*Aim of the exercise*.
Copy the lines below, please, starting with the one that contains "Наглядный пример к" and ending with the last. Pictures stay out.

*Collected data*.
>>>
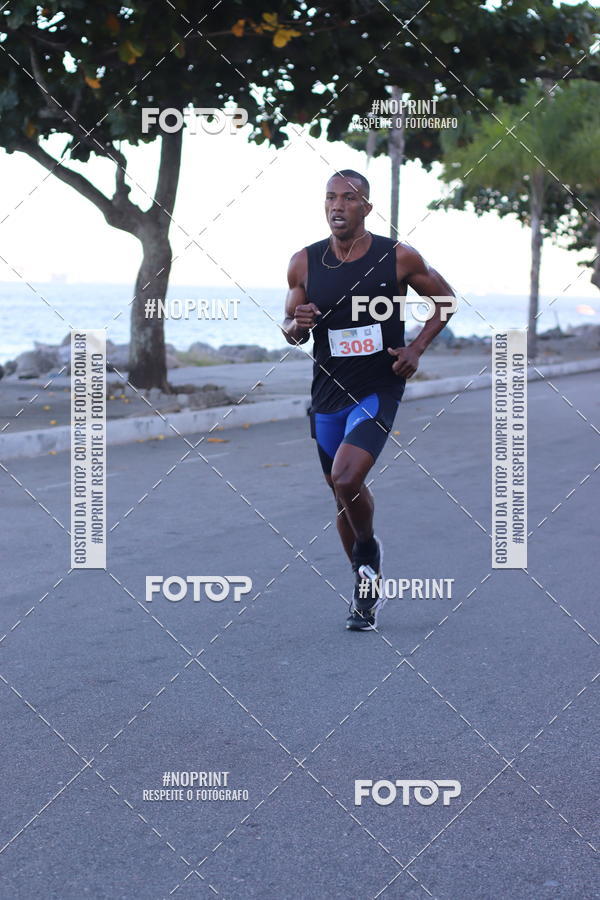 Buy your photos of the eventAJ Circuito Race on Fotop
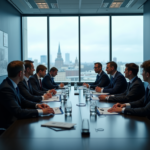 Наглядный пример к статье "Запрет импорта электроники: Обязательные изменения в Самаре [sc name=year][/sc]"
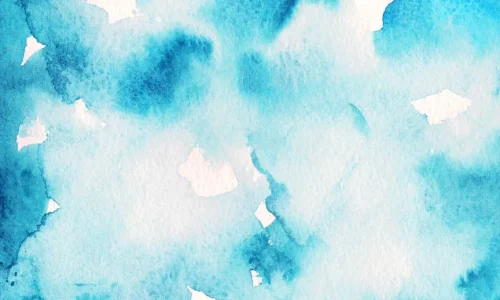 Personalized Graphic Design Services for Every Business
<<<
*Result*.
 Наглядный пример к статье "Запрет импорта электроники: Обязательные изменения в Самаре [sc name=year][/sc]"
 Personalized Graphic Design Services for Every Business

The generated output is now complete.